How to prove and interpret $\operatorname{rank}(AB) \leq \operatorname{min}(\operatorname{rank}(A), \operatorname{rank}(B))$?

Question

Let $A$ and $B$ be two matrices which can be multiplied. Then $$\operatorname{rank}(AB) \leq \operatorname{min}(\operatorname{rank}(A), \operatorname{rank}(B)).$$

I proved $\operatorname{rank}(AB) \leq \operatorname{rank}(B)$ by interpreting $AB$ as a composition of linear maps, observing that $\operatorname{ker}(B) \subseteq \operatorname{ker}(AB)$ and using the kernel-image dimension formula. This also provides, in my opinion, a nice interpretation: if non-stable, under subsequent compositions the kernel can only get bigger, and the image can only get smaller, in a sort of loss of information.

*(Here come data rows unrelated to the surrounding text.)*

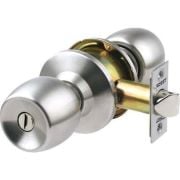 Kale Arco Topuzlu Kilit Saten Anahtarsız Banyo & WC – KD040/36-300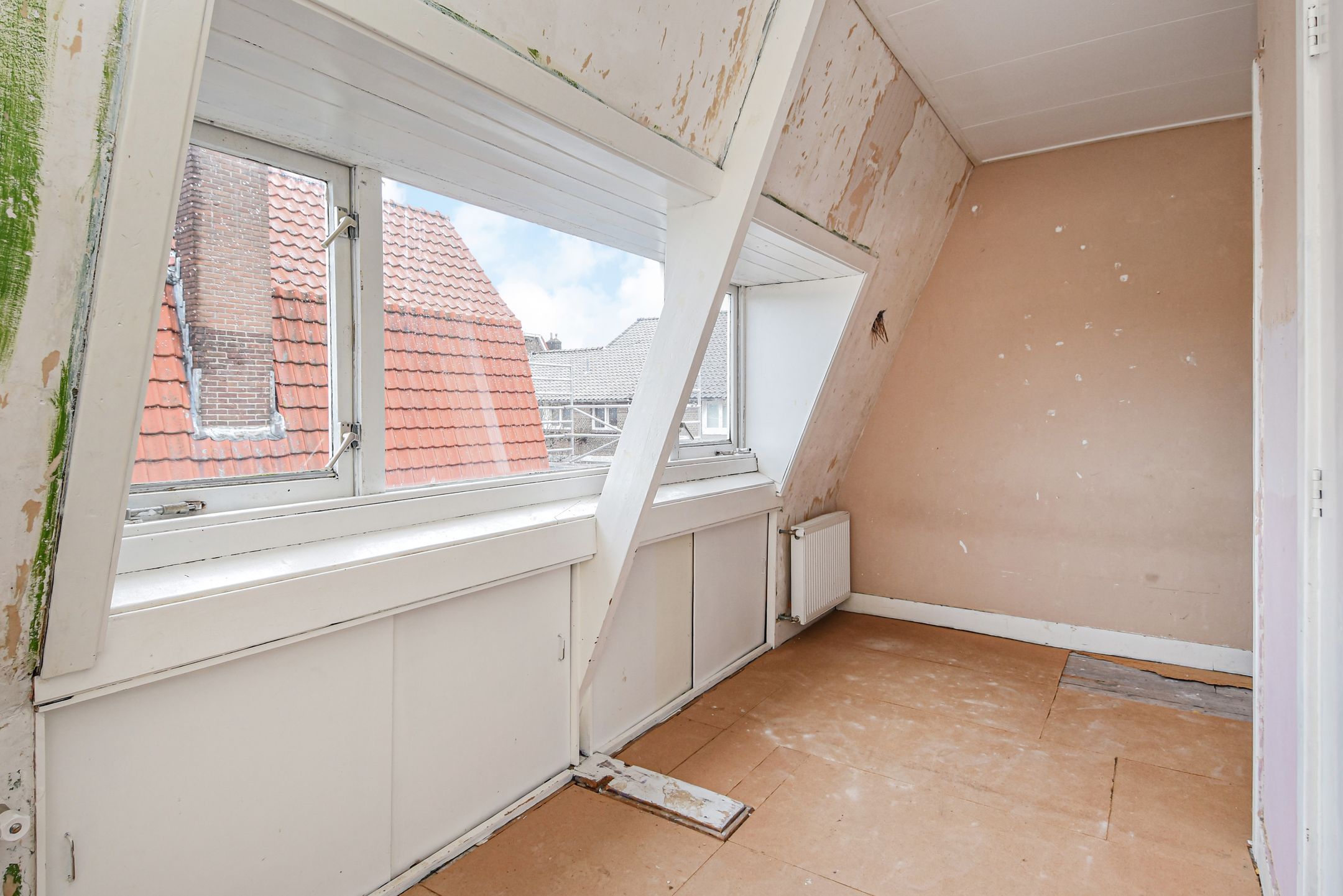 Foto 12 van Prins Hendrikstraat 33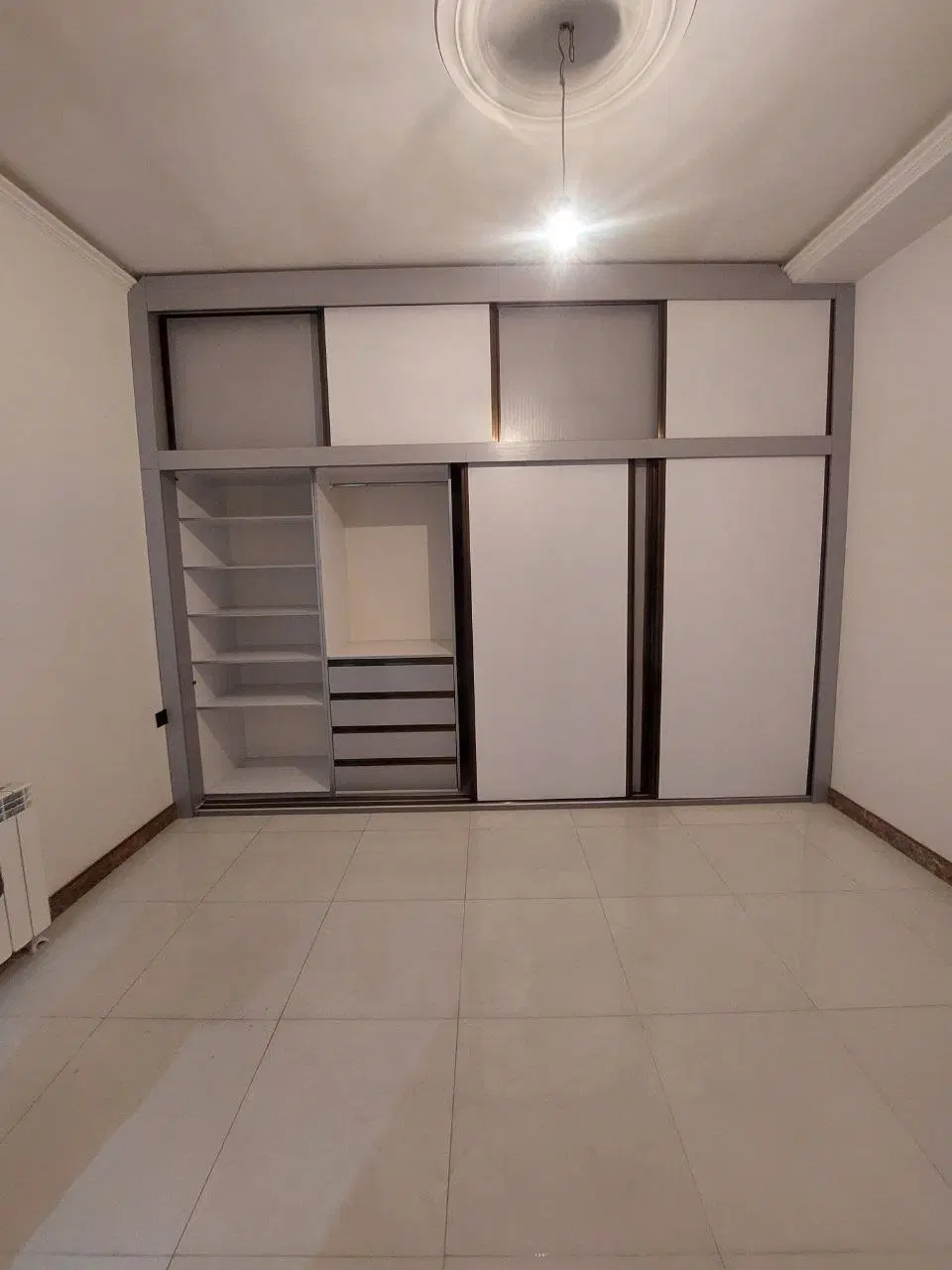 خانه ویلایی 250متری لاکچری نوساز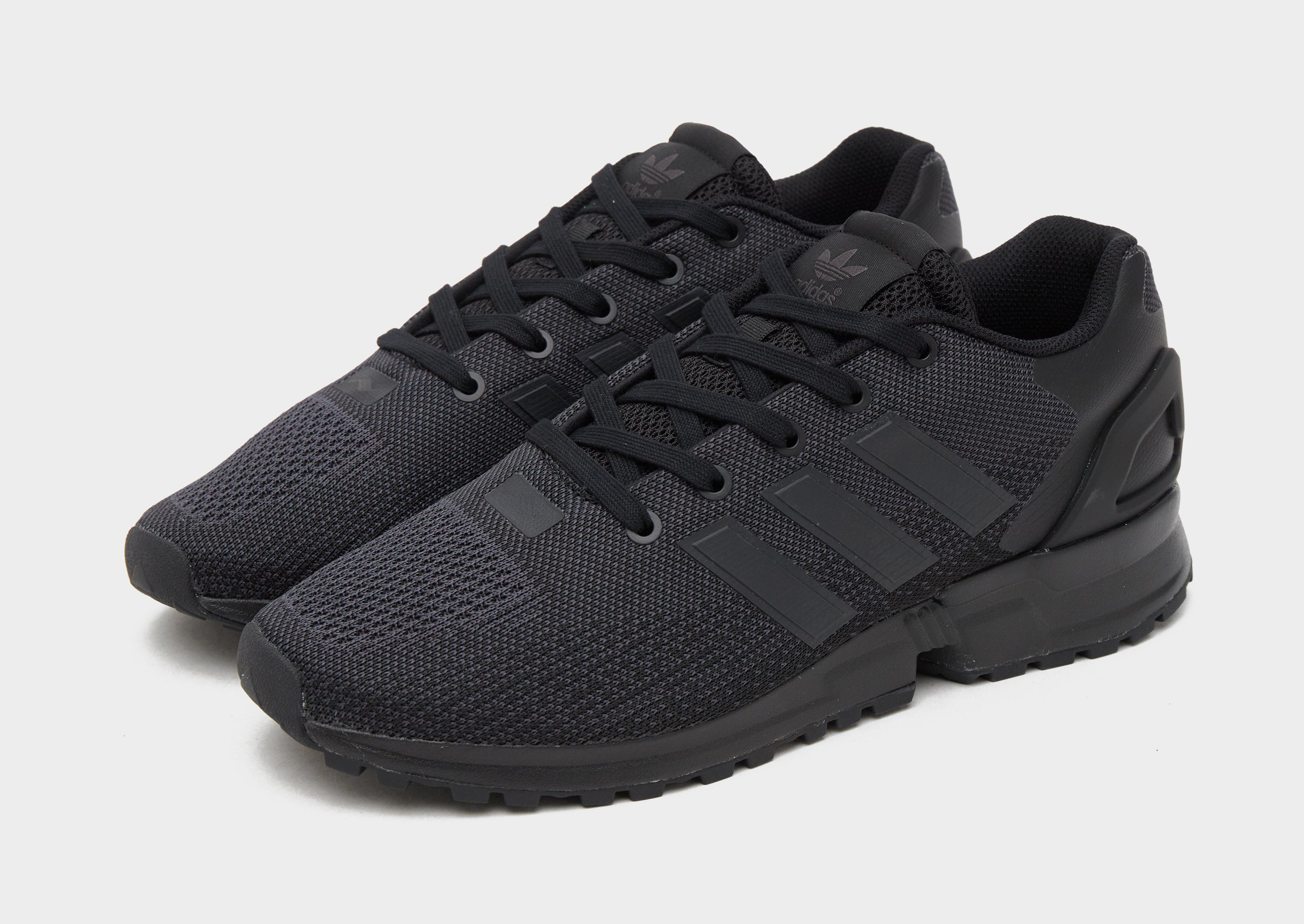 adidas Originals ZX Flux 2 Schwarz JD Sports Deutschland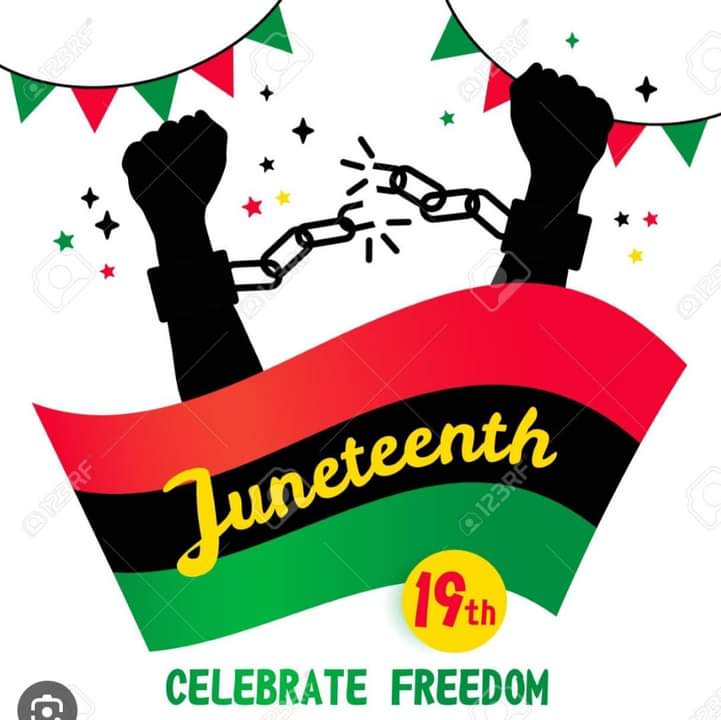 Juneteenth Shirts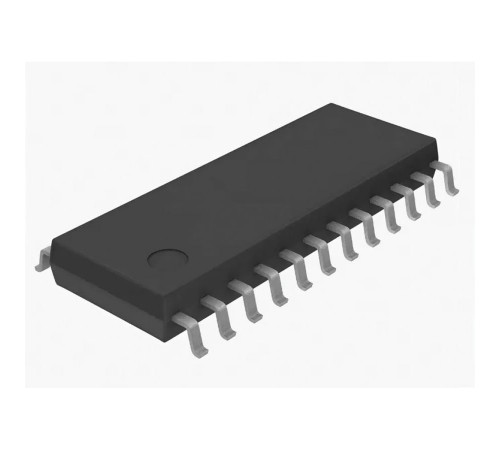 MBI5050GF, Драйвер Led; 16 каналов; Iвых= 3-45mА; PWM; PrecisionDrive; Share-I-O; Uп=3-5,5v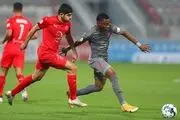 هافبک پرسپولیس در بین بهترین‌های آسیا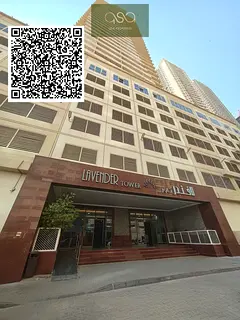 Premium 1BHK with Huge Podium | 2,280 Sq. Ft | Excellent Investment | Lavender Tower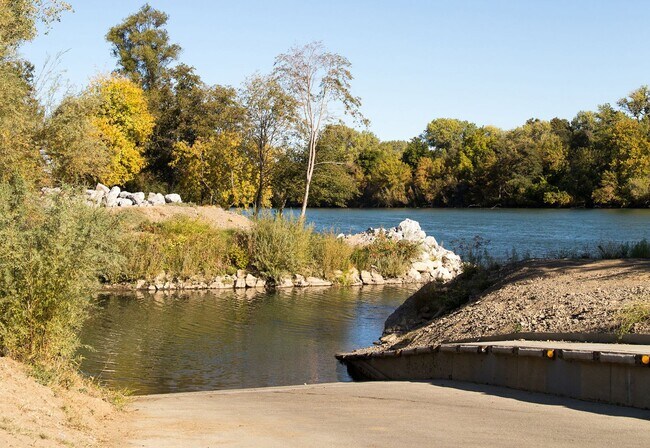 Building Photo - Lake California Home with 2 Car Garage and...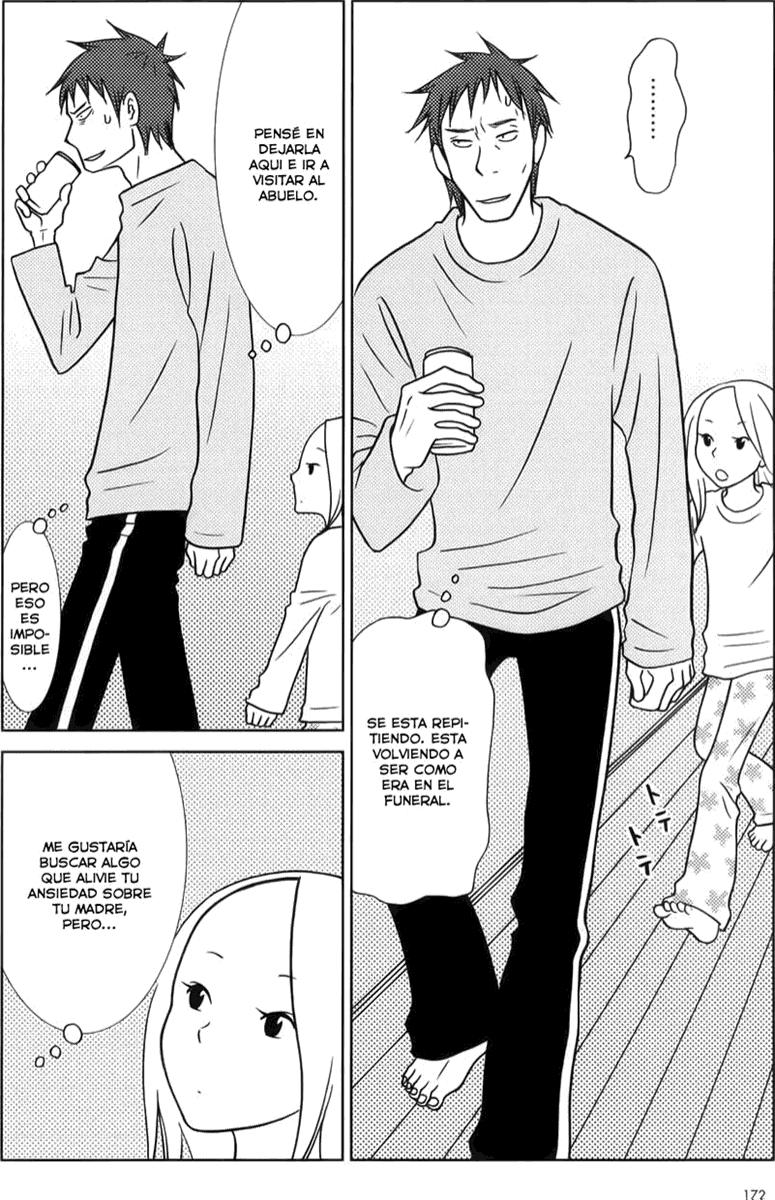 Read Usagi Drop ES Manga Online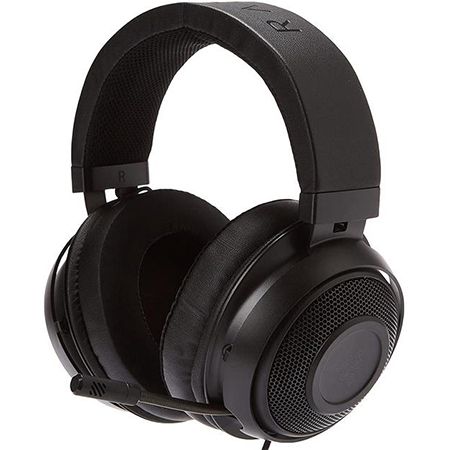 Razer Kraken Headset für PC &#038; Konsole für 42,99€ (statt 50€)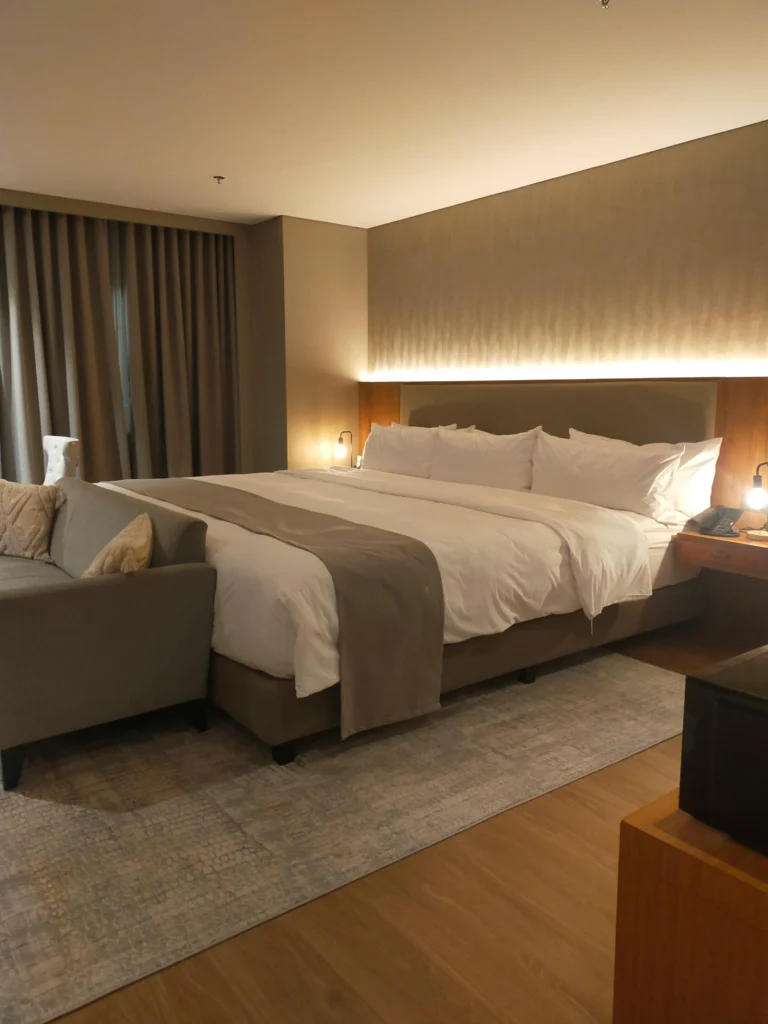 Dreamy Bedroom Inspiration Cozy, Warm, and Wonderfully Calm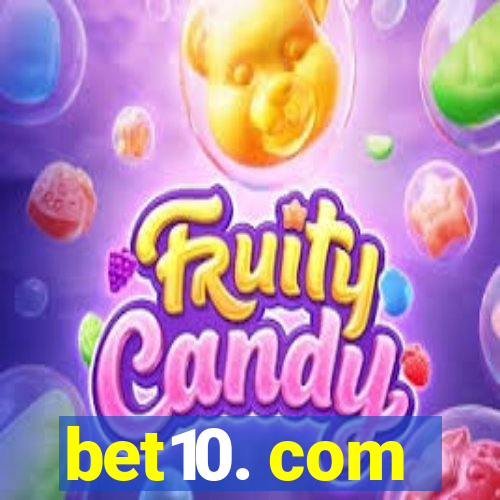 bet10. com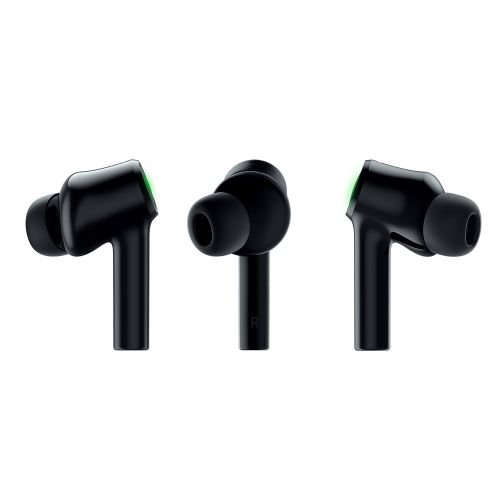 Razer Hammerhead True Wireless - Earbuds Black bežične slušalice slika 3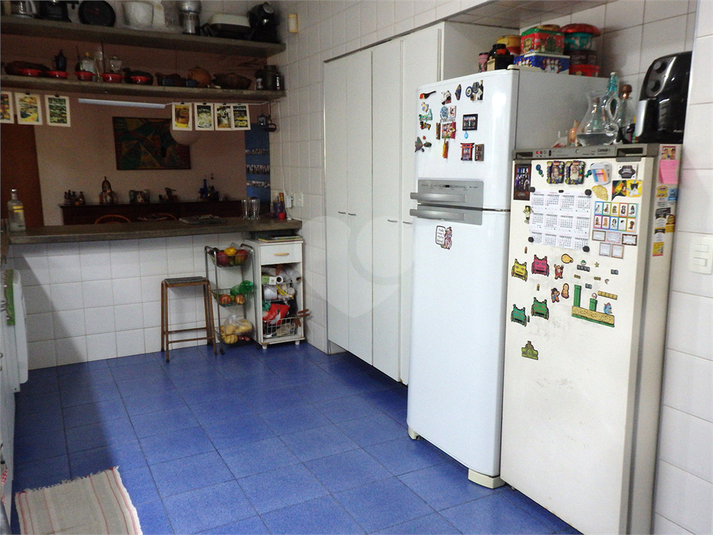 Venda Casa térrea São Paulo Butantã REO779897 10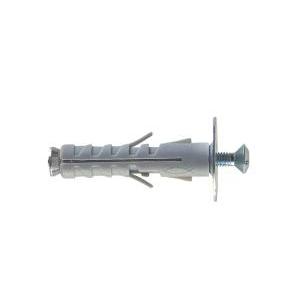 - tassello nylon sb con vite t.s.c. taglio combinato 40mm sb 9/4 prezzo al pezzo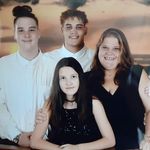 Kristy Ferrell - @princessbebe1280 - Instagram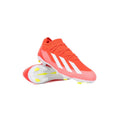 X CRAZYFAST LEAGUE FG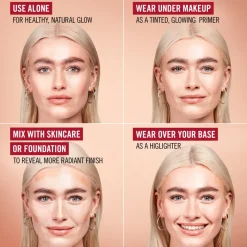 Rimmel Multitasker Better Than Filters Concealer Medium Deep 006 30 ml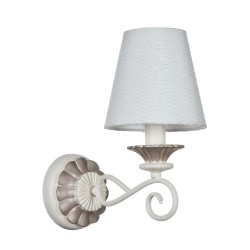 Бра Maytoni ARM424-WL-01-W Sonate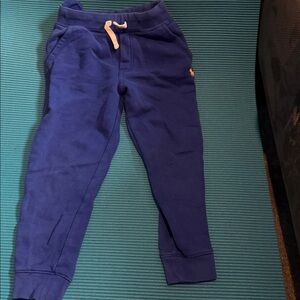 Polo by Ralph Lauren Kids Royal Blue Joggers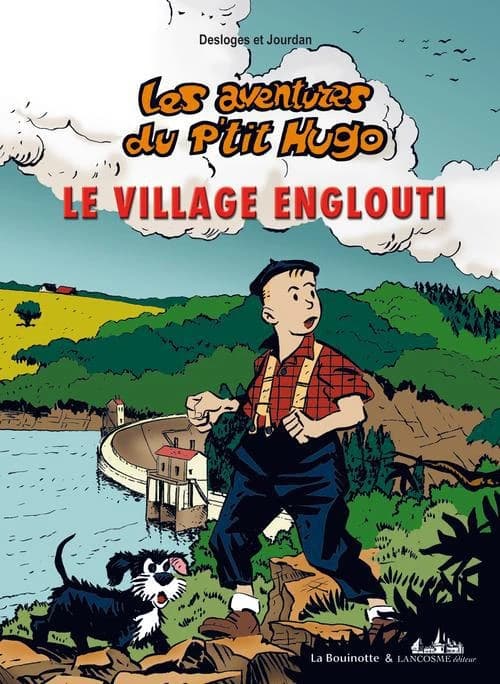 Le village englouti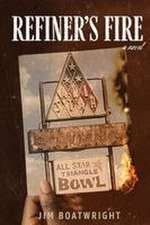 Refiner's Fire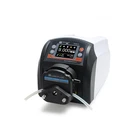 Dose Dispenser Peristaltic Pump Electric Pizza Sauce Dispenser Liquid Dosing Peristaltic Pump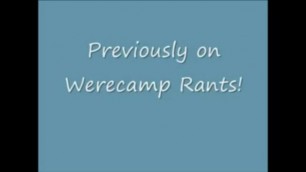 I WATCH MY OWN ATTACK AND SING 911 ANTHEM ON STREAM WITH WERECAMP
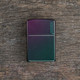 Миниатюра изображения товара Зажигалка Zippo Classic / 49146ZL (фиолетовый)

How do you manage $\operatorname{rank}(AB) \leq \operatorname{rank}(A)$? Is there a nice interpretation like the previous one?

Answer 1

Yes. If you think of A and B as linear maps, then the domain of A is certainly at least as big as the image of B. Thus when we apply A to either of these things, we should get "more stuff" in the former case, as the former is bigger than the latter.

Answer 2

Prove first that if $f:X\to Y$ and $g:Y\to Z$ are functions between finite sets, then $|g(f(X))| \leq \min \{ |f(X)|, |g(Y)| \}.$

Then use the same idea.

Answer 3

Once you have proved $\operatorname{rank}(AB) \le \operatorname{rank}(A)$, you can obtain the other inequality by using transposition and the fact that it doesn't change the rank (see e.g. this question).

Specifically, letting $C=A^T$ and $D=B^T$, we have that $\operatorname{rank}(DC) \le \operatorname{rank}(D) \implies \operatorname{rank}(C^TD^T)\le \operatorname{rank} (D^T)$, which is $\operatorname{rank}(AB) \le \operatorname{rank}(B)$.

Answer 4

Each column of $AB$ is a linear combination of columns of $A$ so $\text{Range}(AB)\subseteq \text{Range} (A)$ equivalently $rank(AB)\leq rank(A).$

Similarly, Each row of $AB$ is a linear combination of rows of $B$ so $rowspace(AB)\subseteq rowspace(B)$.

Since rowspace=columnspace. Thus $rank(AB)\leq rank(B)$.

From both of the inequality we deduce that $rank(AB)\leq \min\{rank A, rank B\}$.